#52 - 30 October 2020

Living where you work: is teleworking really the future of cities?

As a second lockdown begins in France, will the city of tomorrow be the city of teleworkers? Nothing is less certain. In March-April 2020, more than a third of French workers were forced to experiment telecommuting but only 50% said they were satisfied at the end of the lockdown, and only 9% of French people would be ready to switch to full-time telecommuting. Many reasons were put forth: the blurring of boundaries between professional and personal life, cramped housing, an increase in gender inequality... For many working people, the slogan of the next world is not “I don't have to go to the office anymore” but rather “come by my house, I live... in my office”.

It is true that telecommuting means the end of rush hour: farewell, traffic jams! For some people, it also means the possibility of leaving big cities and moving to a mid-sized town with cheaper housing. But those choices are not available to everyone: telecommuting is not applicable to many jobs, as seen with those who were on the frontline during the first lockdown. While teleworking removes the need to commute, the time saved by not going to the office may be used to travel to do something else, such as visiting friends. This is called the rebound effect: it eliminates trips related to the home-to-work commute but replaces them largely with other trips.

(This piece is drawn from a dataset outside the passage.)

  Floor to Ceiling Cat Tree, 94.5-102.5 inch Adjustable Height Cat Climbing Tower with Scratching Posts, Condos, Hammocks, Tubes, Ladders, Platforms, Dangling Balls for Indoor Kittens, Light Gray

However, this does not mean giving up the idea of living and working in the same place. In the city of tomorrow, we will talk about workplaces in the plural form: home, office but also mixed spaces such as co-working spaces. And, for those who will go to the office, rush hours are not a foregone conclusion. The French city of Toulouse recently experimented with a pilot program between companies, mobility operators and elected officials to spread out peak hours and share home-to-work commutes. In short, working together... to work better. – Cécile Maisonneuve, President

→ This op-ed is an excerpt from recent chronicles by Cécile Maisonneuve, broadcast on France Info: find all broadcasts (in French) here.


No time to read? La Fabrique de la Cité has got you covered.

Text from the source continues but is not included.